Collector的配置和使用
Collector配置
collector通過pipeline處理service中啟用的數據。pipeline由接收遙測數據的組件構成,包括:
其次還可以通過擴展來為Collector添加功能,但擴展不需要直接訪問遙測數據,且不是pipeline的一部分。擴展同樣可以在service中啟用。
Receivers
receiver定義了數據如何進入OpenTelemetry Collector。必須配置一個或多個receiver,默認不會配置任何receivers。
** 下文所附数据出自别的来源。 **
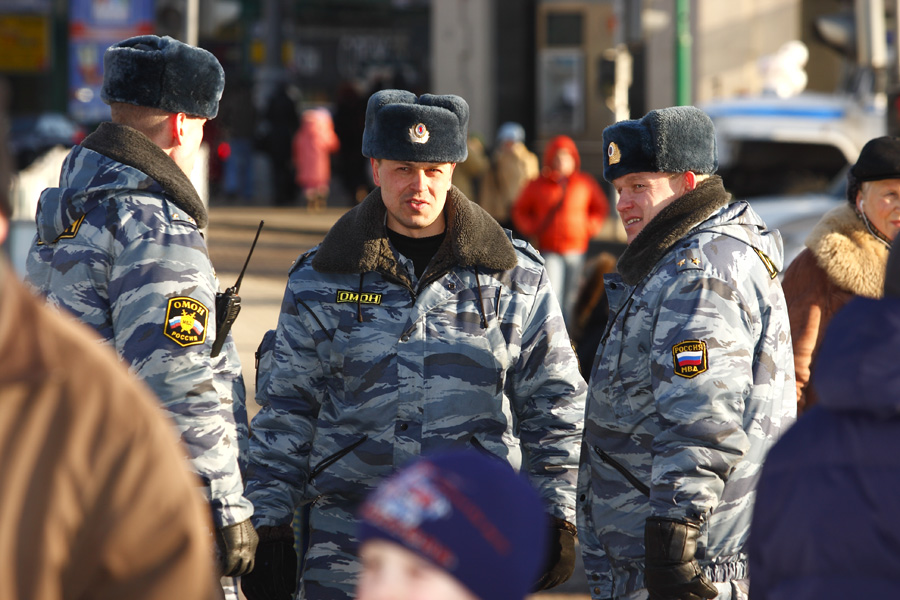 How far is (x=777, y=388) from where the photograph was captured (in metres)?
3.56

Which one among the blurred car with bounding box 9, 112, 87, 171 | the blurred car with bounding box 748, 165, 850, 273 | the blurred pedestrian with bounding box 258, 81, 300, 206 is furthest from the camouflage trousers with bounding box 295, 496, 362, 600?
the blurred car with bounding box 9, 112, 87, 171

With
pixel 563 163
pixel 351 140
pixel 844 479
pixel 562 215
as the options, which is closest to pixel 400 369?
pixel 844 479

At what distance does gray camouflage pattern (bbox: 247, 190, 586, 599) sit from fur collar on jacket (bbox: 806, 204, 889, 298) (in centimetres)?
127

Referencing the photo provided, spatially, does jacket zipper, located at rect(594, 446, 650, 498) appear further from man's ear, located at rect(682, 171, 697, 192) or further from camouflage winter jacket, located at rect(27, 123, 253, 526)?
camouflage winter jacket, located at rect(27, 123, 253, 526)

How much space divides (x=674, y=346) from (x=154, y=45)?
179 cm

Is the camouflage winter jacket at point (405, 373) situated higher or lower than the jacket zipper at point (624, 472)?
higher

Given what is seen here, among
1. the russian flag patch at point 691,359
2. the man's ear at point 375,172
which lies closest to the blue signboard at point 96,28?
the man's ear at point 375,172

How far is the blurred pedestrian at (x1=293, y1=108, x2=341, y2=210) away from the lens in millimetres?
19906

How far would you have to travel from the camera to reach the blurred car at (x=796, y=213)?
10.6 meters

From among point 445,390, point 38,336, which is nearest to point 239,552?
point 445,390

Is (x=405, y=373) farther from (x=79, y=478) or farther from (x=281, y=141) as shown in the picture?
(x=281, y=141)

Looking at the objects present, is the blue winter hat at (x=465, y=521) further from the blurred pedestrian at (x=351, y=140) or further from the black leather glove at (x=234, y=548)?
the blurred pedestrian at (x=351, y=140)

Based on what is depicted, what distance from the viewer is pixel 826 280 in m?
4.61

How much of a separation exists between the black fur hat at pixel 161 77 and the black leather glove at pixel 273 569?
1261 millimetres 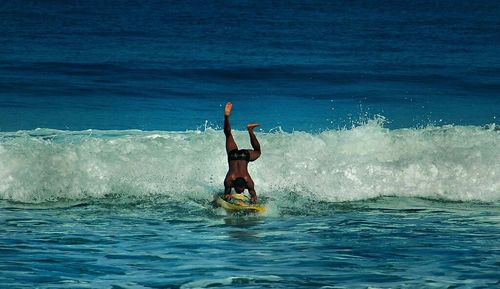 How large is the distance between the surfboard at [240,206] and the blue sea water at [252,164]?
0.17 meters

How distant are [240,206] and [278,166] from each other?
4533 millimetres

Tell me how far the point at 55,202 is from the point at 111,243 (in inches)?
195

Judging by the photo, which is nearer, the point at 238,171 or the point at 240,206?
the point at 240,206

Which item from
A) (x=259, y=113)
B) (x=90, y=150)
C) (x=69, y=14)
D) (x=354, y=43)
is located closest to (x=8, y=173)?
(x=90, y=150)

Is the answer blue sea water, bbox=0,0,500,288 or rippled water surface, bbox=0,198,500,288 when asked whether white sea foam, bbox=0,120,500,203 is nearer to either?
blue sea water, bbox=0,0,500,288

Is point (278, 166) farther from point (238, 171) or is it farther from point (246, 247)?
point (246, 247)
下面給出了所有可用的receivers的基本例子,更多配置可以參見receiver文檔。
receivers:
opencensus:
address: "localhost:55678"
zipkin:
address: "localhost:9411"
jaeger:
protocols:
grpc:
thrift_http:
thrift_tchannel:
thrift_compact:
thrift_binary:
prometheus:
config:
scrape_configs:
- job_name: "caching_cluster"
scrape_interval: 5s
static_configs:
- targets: ["localhost:8889"]
Processors
Processors運行在數據的接收和導出之間。雖然Processors是可選的,但有時候會建議使用Processors。
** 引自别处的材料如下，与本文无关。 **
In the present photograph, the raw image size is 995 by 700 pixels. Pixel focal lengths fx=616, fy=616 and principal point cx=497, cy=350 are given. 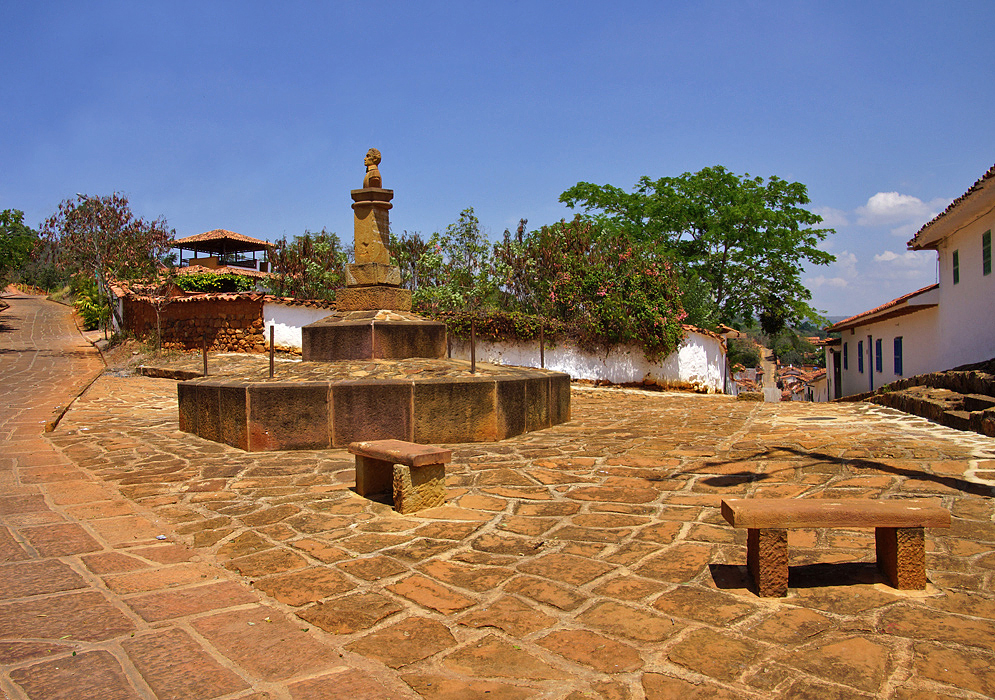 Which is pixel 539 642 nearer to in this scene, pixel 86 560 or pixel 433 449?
pixel 433 449

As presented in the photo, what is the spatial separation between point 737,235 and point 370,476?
23055 mm

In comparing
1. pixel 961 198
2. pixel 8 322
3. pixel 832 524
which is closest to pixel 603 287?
pixel 961 198

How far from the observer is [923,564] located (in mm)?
2648

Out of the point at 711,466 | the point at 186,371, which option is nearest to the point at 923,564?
the point at 711,466

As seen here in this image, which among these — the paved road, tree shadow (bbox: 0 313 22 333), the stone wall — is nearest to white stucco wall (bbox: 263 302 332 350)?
the stone wall

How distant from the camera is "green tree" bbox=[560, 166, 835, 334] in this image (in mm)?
23906

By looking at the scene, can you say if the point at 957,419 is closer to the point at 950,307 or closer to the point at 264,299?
the point at 950,307

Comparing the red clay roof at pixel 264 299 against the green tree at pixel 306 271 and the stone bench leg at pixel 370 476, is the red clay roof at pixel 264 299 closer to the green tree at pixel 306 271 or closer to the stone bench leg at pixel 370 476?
the green tree at pixel 306 271

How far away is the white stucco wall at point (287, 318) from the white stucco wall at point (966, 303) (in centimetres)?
1463

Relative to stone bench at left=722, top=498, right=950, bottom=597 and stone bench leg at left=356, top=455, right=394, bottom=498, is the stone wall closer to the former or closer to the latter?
stone bench leg at left=356, top=455, right=394, bottom=498

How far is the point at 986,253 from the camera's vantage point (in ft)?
37.1

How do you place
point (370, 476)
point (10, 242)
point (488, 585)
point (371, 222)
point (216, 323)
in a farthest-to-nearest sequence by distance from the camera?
point (10, 242)
point (216, 323)
point (371, 222)
point (370, 476)
point (488, 585)

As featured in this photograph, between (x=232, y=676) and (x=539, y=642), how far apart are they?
1066mm

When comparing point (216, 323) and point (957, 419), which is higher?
point (216, 323) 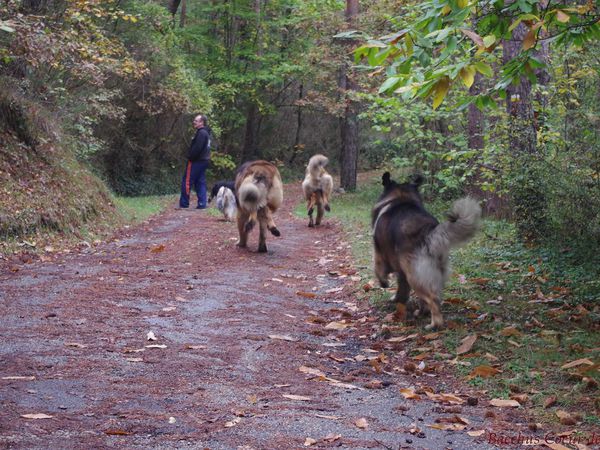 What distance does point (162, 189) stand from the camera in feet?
90.1

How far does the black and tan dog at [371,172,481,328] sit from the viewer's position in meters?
7.02

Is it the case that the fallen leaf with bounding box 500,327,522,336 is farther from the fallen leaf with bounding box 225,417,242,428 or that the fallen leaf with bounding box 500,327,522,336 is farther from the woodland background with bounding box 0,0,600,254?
the fallen leaf with bounding box 225,417,242,428

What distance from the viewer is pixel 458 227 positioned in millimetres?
6988

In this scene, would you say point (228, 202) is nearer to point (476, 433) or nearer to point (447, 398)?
point (447, 398)

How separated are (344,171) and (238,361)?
76.9ft

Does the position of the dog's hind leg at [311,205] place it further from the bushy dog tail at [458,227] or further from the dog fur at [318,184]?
the bushy dog tail at [458,227]

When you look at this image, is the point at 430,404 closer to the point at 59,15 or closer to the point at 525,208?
the point at 525,208

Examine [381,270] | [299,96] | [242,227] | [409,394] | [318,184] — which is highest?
[299,96]

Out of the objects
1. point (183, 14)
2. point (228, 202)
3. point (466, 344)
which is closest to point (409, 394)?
point (466, 344)

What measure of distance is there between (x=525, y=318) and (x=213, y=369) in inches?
145

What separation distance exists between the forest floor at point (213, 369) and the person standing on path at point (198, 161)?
9.36 metres

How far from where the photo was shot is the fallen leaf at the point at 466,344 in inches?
256

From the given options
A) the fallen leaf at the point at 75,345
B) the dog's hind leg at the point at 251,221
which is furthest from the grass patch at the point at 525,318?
the fallen leaf at the point at 75,345

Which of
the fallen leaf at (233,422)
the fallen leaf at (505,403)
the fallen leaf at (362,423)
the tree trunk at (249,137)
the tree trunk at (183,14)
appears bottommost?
the fallen leaf at (505,403) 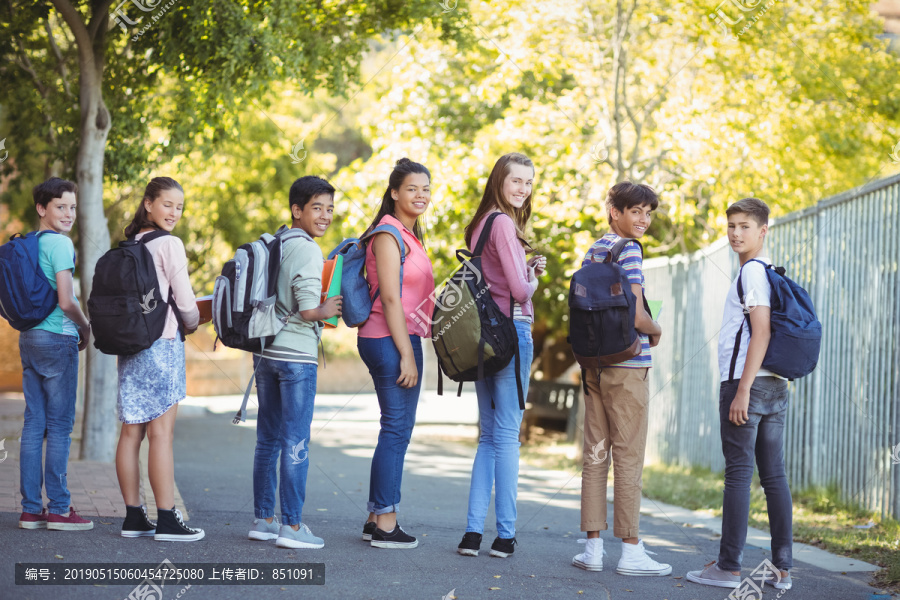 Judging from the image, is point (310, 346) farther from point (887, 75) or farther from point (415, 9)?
point (887, 75)

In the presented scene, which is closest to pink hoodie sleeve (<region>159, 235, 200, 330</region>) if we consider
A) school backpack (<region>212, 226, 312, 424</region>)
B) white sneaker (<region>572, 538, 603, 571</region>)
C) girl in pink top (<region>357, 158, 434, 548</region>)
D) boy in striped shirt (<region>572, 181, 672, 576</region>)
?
school backpack (<region>212, 226, 312, 424</region>)

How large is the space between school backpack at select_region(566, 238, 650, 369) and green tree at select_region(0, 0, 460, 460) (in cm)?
463

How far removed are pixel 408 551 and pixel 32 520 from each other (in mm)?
1950

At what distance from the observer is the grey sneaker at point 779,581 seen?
418 centimetres

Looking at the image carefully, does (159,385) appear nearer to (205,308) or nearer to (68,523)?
(205,308)

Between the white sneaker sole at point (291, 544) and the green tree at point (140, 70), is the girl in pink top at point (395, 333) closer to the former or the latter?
the white sneaker sole at point (291, 544)

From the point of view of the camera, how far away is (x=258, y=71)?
8.09 metres

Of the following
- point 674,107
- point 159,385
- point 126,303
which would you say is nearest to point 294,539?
point 159,385

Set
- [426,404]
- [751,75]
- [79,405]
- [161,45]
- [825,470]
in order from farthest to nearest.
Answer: [426,404] → [79,405] → [751,75] → [161,45] → [825,470]

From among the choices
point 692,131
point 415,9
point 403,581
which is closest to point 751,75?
point 692,131

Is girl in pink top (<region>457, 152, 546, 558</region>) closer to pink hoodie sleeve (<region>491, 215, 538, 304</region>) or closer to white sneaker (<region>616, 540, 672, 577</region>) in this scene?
pink hoodie sleeve (<region>491, 215, 538, 304</region>)

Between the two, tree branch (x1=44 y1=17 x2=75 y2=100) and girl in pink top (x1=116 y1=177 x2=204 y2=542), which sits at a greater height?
tree branch (x1=44 y1=17 x2=75 y2=100)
下面給出了所有可用的Processors的基本例子,更多參見Processors文檔。
processors:
attributes/example:
actions:
- key: db.statement
action: delete
batch:
timeout: 5s
send_batch_size: 1024
probabilistic_sampler:
disabled: true
span:
name:
from_attributes: ["db.svc", "operation"]
separator: "::"
queued_retry: {}
tail_sampling:
policies:
- name: policy1
type: rate_limiting
rate_limiting:
spans_per_second: 100
Exporters
exporter指定了如何將數據發往一個或多個后端/目標。必須配置一個或多個exporter,默認不會配置任何exporter。
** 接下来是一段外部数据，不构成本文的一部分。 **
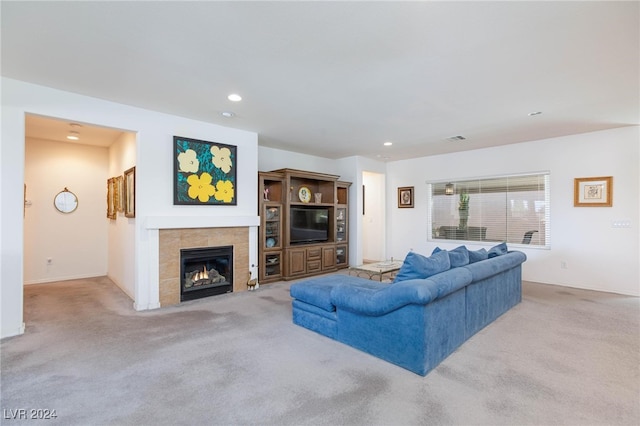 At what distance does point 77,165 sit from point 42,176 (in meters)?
0.56

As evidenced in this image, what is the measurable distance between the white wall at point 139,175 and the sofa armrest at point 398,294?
8.58 feet

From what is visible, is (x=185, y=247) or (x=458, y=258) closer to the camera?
(x=458, y=258)

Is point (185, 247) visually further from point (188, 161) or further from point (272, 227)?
point (272, 227)

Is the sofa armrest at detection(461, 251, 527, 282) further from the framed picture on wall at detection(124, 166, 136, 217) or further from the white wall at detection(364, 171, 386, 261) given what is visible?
the framed picture on wall at detection(124, 166, 136, 217)

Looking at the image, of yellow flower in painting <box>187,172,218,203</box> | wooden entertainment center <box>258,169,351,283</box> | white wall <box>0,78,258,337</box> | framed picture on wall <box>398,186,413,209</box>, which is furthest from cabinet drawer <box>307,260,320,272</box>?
framed picture on wall <box>398,186,413,209</box>

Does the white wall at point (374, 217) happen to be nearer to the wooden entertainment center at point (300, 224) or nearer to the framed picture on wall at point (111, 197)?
the wooden entertainment center at point (300, 224)

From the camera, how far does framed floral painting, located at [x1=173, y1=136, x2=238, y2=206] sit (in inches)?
169

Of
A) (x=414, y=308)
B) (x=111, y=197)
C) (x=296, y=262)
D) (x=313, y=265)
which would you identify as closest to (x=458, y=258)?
(x=414, y=308)

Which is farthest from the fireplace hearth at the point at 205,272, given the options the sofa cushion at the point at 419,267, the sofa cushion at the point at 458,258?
the sofa cushion at the point at 458,258

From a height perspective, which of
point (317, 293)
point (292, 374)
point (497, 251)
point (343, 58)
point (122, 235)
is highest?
point (343, 58)

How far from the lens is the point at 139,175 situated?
401 cm

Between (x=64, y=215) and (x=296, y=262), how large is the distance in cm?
446

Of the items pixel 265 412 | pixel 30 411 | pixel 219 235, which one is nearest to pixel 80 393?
pixel 30 411

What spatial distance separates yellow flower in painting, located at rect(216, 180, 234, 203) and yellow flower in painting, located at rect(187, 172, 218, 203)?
8 cm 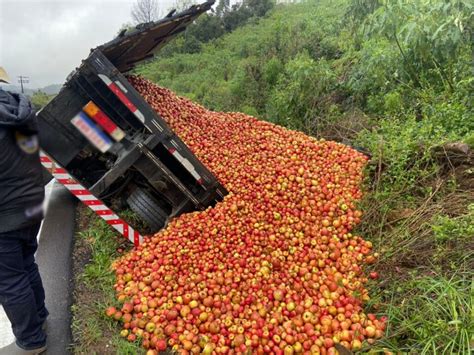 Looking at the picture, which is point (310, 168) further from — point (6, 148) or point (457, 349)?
point (6, 148)

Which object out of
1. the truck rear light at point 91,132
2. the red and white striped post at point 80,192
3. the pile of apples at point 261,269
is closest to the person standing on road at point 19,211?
the pile of apples at point 261,269

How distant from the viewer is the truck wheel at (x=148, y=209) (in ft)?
14.3

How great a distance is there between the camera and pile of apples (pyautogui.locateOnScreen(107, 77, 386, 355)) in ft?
9.34

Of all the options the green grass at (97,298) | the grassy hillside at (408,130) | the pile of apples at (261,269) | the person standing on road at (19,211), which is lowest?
the grassy hillside at (408,130)

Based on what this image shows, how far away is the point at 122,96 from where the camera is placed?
12.8 feet

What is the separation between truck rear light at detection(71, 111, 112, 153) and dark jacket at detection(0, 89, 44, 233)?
1.31 meters

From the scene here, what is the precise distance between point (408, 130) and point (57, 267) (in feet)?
14.3

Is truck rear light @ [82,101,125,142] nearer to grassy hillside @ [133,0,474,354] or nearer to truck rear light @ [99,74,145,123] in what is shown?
truck rear light @ [99,74,145,123]

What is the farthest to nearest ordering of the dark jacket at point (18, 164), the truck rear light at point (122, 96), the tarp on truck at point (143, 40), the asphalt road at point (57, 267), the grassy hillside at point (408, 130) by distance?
the tarp on truck at point (143, 40)
the truck rear light at point (122, 96)
the asphalt road at point (57, 267)
the grassy hillside at point (408, 130)
the dark jacket at point (18, 164)

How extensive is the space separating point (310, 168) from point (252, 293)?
2.02 m

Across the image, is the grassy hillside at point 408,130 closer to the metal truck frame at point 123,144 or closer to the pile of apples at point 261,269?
the pile of apples at point 261,269

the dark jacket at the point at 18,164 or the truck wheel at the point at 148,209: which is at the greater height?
the dark jacket at the point at 18,164

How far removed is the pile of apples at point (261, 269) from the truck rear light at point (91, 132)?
1235mm

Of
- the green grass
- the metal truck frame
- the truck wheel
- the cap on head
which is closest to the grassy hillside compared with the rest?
the metal truck frame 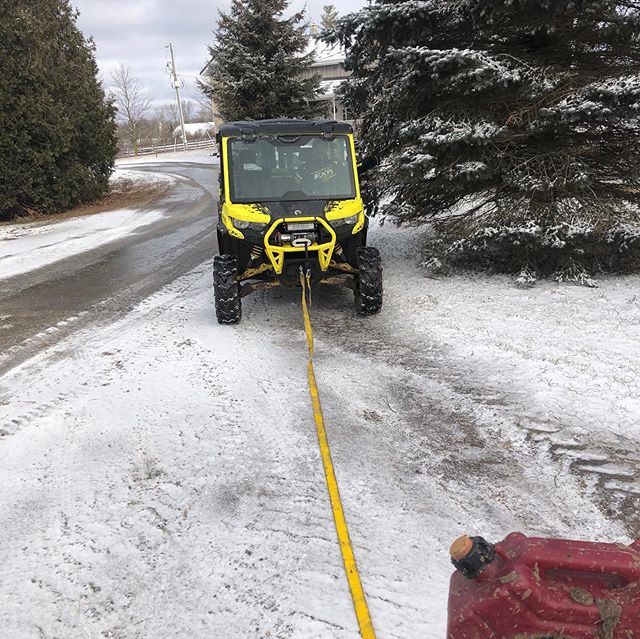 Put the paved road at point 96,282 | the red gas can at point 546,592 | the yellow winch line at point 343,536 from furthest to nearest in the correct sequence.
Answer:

下面給出了所有可用的exporters的基本例子,更多參見exporters文檔。
exporters:
opencensus:
headers: {"X-test-header": "test-header"}
compression: "gzip"
cert_pem_file: "server-ca-public.pem" # optional to enable TLS
endpoint: "localhost:55678"
reconnection_delay: 2s
logging:
loglevel: debug
jaeger_grpc:
endpoint: "http://localhost:14250"
jaeger_thrift_http:
headers: {"X-test-header": "test-header"}
timeout: 5
endpoint: "http://localhost:14268/api/traces"
zipkin:
endpoint: "http://localhost:9411/api/v2/spans"
prometheus:
endpoint: "localhost:8889"
namespace: "default"
Service
Service部分用於配置OpenTelemetry Collector根據receivers, processors, exporters, 和extensions sections的配置會啟用那些特性。service分為兩部分:
- extensions
- pipelines
extensions包含啟用的擴展,如:
service:
extensions: [health_check, pprof, zpages]
Pipelines有兩類:
- metrics: 采集和處理metrics數據
- traces: 采集和處理trace數據
一個pipeline是一組 receivers, processors, 和exporters的集合。必須在service之外定義每個receiver/processor/exporter的配置,然后將其包含到pipeline中。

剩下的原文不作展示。